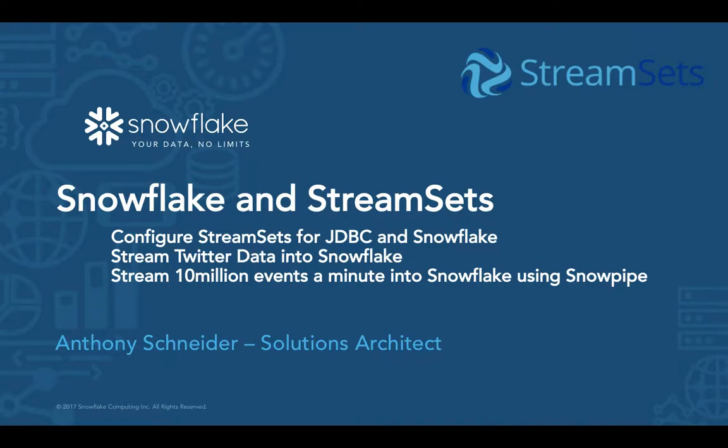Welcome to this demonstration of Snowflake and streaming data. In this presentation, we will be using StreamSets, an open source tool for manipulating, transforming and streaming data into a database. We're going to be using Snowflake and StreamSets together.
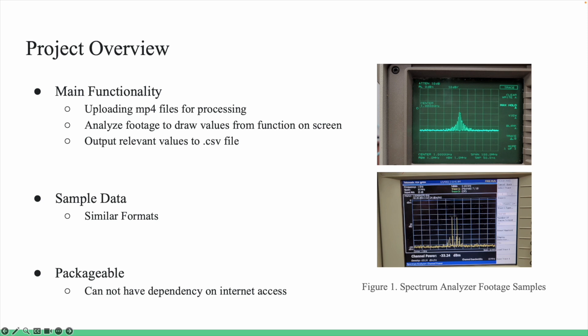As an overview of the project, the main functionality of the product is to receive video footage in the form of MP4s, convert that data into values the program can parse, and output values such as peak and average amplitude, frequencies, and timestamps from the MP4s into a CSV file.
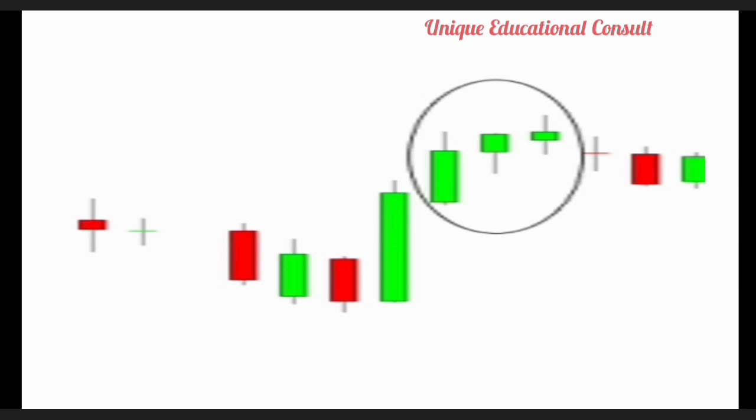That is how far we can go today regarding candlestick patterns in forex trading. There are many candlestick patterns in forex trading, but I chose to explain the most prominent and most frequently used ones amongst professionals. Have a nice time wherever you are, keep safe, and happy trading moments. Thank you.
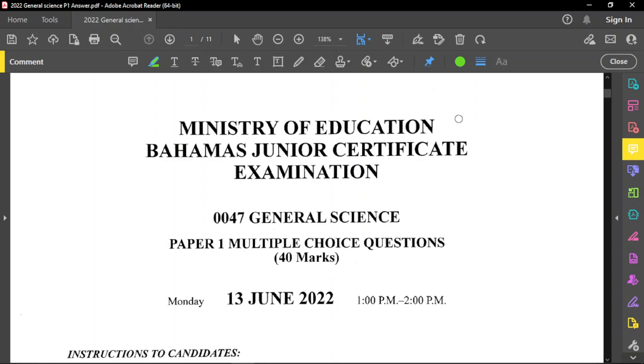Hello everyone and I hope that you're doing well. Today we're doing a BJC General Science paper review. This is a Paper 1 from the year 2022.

...

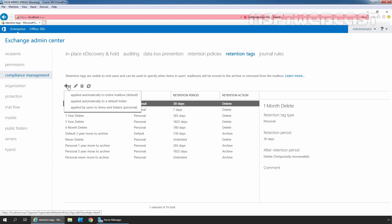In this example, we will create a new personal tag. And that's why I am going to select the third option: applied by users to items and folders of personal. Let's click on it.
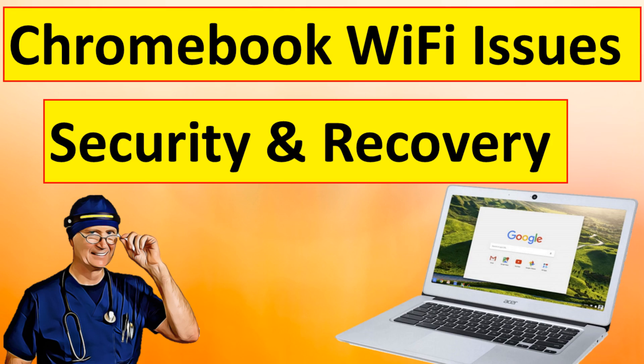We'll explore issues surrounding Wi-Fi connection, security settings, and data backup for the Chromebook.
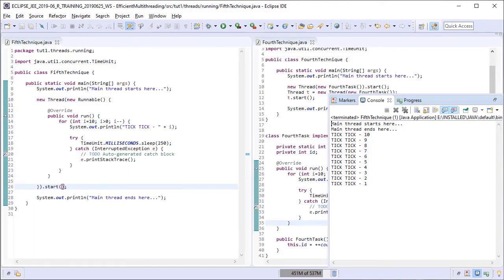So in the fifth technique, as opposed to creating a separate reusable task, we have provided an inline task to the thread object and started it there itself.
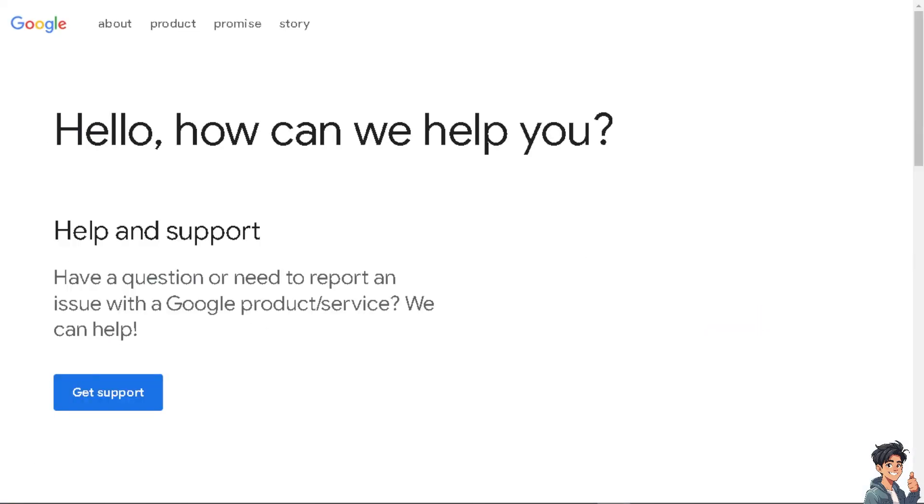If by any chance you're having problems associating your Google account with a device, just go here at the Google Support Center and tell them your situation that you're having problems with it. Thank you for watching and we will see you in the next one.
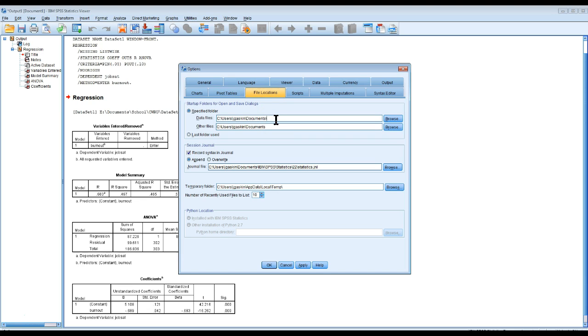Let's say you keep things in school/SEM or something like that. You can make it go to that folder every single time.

[What you will do] Taking the entries above, extract every line from the one bearing "Welcome to this" through the one bearing "As an overview", exactly, with no pictures.

[Exercise result]
Welcome to this demonstration of Snowflake and streaming data. In this presentation, we will be using StreamSets, an open source tool for manipulating, transforming and streaming data into a database. We're going to be using Snowflake and StreamSets together.
As an overview of the project, the main functionality of the product is to receive video footage in the form of MP4s, convert that data into values the program can parse, and output values such as peak and average amplitude, frequencies, and timestamps from the MP4s into a CSV file.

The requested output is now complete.